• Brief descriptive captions
....................

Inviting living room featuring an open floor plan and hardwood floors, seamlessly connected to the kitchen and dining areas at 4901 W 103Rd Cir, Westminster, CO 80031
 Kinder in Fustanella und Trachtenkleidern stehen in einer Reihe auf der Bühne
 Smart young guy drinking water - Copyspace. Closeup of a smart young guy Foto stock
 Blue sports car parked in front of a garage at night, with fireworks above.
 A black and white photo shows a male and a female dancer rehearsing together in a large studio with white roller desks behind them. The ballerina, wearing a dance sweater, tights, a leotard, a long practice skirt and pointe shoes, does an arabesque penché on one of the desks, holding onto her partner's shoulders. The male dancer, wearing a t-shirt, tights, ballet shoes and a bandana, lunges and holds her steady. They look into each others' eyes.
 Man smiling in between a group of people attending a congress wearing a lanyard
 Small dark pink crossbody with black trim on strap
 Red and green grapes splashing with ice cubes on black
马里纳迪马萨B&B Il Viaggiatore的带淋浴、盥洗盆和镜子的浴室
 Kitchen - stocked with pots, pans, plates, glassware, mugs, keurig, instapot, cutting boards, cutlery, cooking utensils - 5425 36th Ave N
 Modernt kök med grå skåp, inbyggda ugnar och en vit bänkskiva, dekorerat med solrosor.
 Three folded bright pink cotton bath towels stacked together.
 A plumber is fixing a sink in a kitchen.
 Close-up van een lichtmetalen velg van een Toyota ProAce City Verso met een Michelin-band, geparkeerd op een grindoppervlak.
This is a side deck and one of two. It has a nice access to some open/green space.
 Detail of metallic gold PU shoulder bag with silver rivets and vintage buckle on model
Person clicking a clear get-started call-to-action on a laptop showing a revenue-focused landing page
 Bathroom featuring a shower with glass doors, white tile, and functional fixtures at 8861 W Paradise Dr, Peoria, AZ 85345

....................

• EXERCISE AIM
Copy the entries above exactly, but only from the line holding "Kitchen - stocked" through the line holding "A plumber is fixing a sink in a kitchen.", both included.

• YOUR RESPONSE
 Kitchen - stocked with pots, pans, plates, glassware, mugs, keurig, instapot, cutting boards, cutlery, cooking utensils - 5425 36th Ave N
 Modernt kök med grå skåp, inbyggda ugnar och en vit bänkskiva, dekorerat med solrosor.
 Three folded bright pink cotton bath towels stacked together.
 A plumber is fixing a sink in a kitchen.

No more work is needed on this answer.